Unlike order and settlement fees, unrealized PnL is not considered for margin validation during settlements (SettlementBranch._fillOrder()
). As a result, some orders that should not be settled will succeed, while some orders that should be settled will be reverted.
During settlements, the resulting margin is checked, but only settlement and order fees are considered. Unrealized PnL is added or subtracted from the account's collateral later. Consequently, the margin validated after settlement is incorrect, as it does not include unrealized PnL. This leads to scenarios where:
Increasing orders that should not be settled (because they would bring the account below the initial margin) will succeed.
Orders that should be settled (because they would not bring the account below the initial margin) will revert.

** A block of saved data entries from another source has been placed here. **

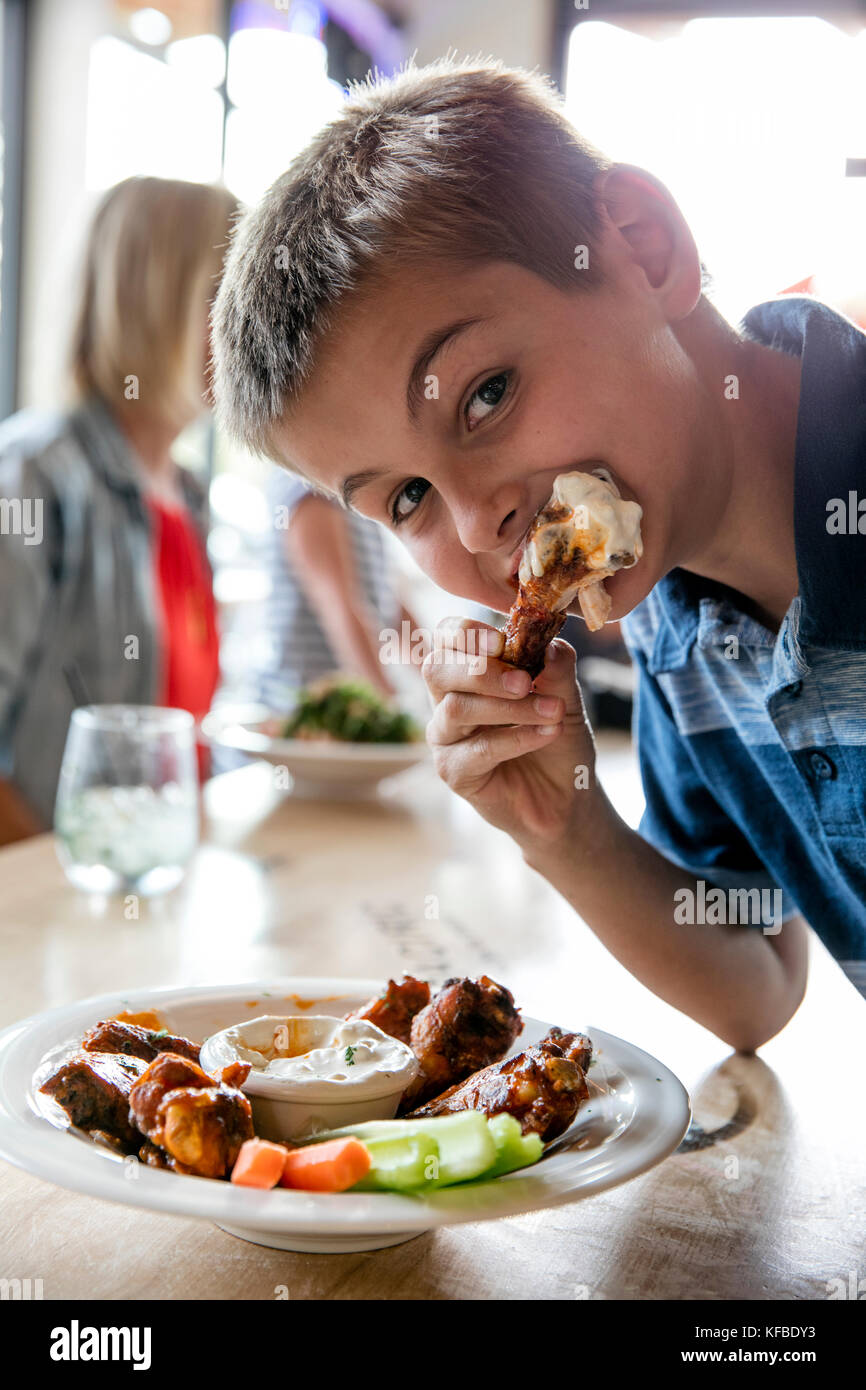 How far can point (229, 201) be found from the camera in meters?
2.78

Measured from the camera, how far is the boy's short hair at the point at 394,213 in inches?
40.9

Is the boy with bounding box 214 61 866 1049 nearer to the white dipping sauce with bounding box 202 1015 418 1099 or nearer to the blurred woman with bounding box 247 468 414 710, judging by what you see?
the white dipping sauce with bounding box 202 1015 418 1099

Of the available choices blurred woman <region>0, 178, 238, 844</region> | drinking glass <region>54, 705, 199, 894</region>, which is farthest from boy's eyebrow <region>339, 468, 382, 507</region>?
blurred woman <region>0, 178, 238, 844</region>

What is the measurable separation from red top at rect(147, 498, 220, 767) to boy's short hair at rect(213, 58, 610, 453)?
177cm

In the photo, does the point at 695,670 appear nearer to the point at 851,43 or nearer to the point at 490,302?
the point at 490,302

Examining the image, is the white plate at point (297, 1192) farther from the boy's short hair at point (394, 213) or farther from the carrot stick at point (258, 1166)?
the boy's short hair at point (394, 213)

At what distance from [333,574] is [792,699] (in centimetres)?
220

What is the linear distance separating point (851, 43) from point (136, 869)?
596 centimetres

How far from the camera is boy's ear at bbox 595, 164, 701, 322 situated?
1.13 meters

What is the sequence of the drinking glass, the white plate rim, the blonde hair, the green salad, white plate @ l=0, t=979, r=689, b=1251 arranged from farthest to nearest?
the blonde hair, the green salad, the white plate rim, the drinking glass, white plate @ l=0, t=979, r=689, b=1251

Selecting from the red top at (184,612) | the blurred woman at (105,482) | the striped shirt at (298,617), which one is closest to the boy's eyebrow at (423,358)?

Consider the following scenarios:
Alice's current collateral is above the initial margin, but she has unrealized negative PnL that would bring her collateral below the initial margin. Since this unrealized PnL is not considered during the settlement margin validation, she can increase her position even though it would bring her below the initial margin after settlement.
Alice's current collateral is below the initial margin, but she has unrealized positive PnL that would bring her collateral above the initial margin, even with an increasing order. However, since this positive unrealized PnL is not considered, her order will revert, even though her account would be above the initial margin after order settlement.
Some orders that should not be settled will be settled, leaving accounts below the initial margin. Conversely, other orders that should be settled will revert.
Manual Review.
Include unrealized PnL (both negative and positive) in margin validation, as is done for settlement and order fees.